Giving Compass' Take:

• Transparency is important in international development, but sensationalist media can distort the truth and undermine good work. 

• What can organizations do to foster public trust? How can donors retain trust and healthy skepticism?

• This is the second of Devex’s three-part series on the relationship between the British media and aid. Read the first part on how media coverage affects public attitudes toward aid.


When Adam Smith International, a British for-profit development firm, stepped away from DFID funding in early 2017 in the wake of allegations that its employees “acted improperly” to get an unfair advantage in bidding, its new communications lead Brigid Janssen knew it would be an uphill battle to regain public trust.

The for-profit development model at large had already come under fire from the conservative media, which described such companies as “poverty barons” and “fat cats.” What she hadn’t expected, Janssen told Devex, was a letter from the BBC about the “Access to Justice and Community Security” program in Syria.
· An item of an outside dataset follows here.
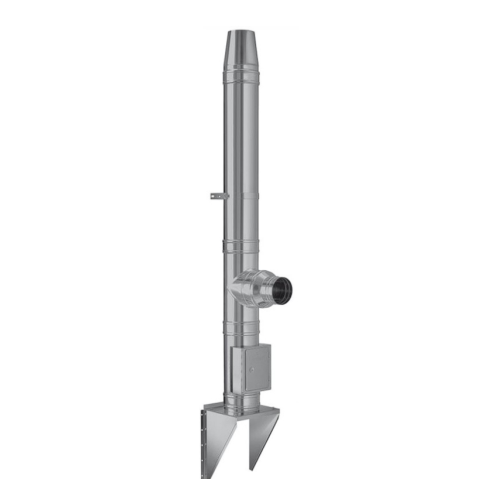 SADA pre trojvrstvový nerezový komín Ø 160mm (0,8mm) izolácia 30mm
Janssen believes that the letter — which detailed 96 claims of corruption, the diversion of aid funds, and other problems in the program, which supports an unarmed civilian police force in Syria — was “influenced” by critical tabloid reporting of the company.

The company began a huge internal inquiry into the claims. By the third week of the investigations, donors suspended funding to the elements of the program within Syria. But by the fourth week, five donor-led investigations, plus an inquiry by a third-party monitor, concluded that the allegations were either “false, distorted or misleading.”

“There’s a growing body of concern in academia about how the idea of looking good shapes the kind of doing good that you do,” Martin Scott, senior lecturer in media and development at the University of East Anglia, told Devex. “In the end that means looking good can end up taking priority over doing good,” he said.

As Janssen pointed out, this may manifest as an aversion to certain types of programs — easily spun investments in shopping malls or tourist development, for example — but others pointed out that perhaps the greater threat to transparency and aid effectiveness is how donors and aid organizations engage — or refuse to engage meaningfully — with the media.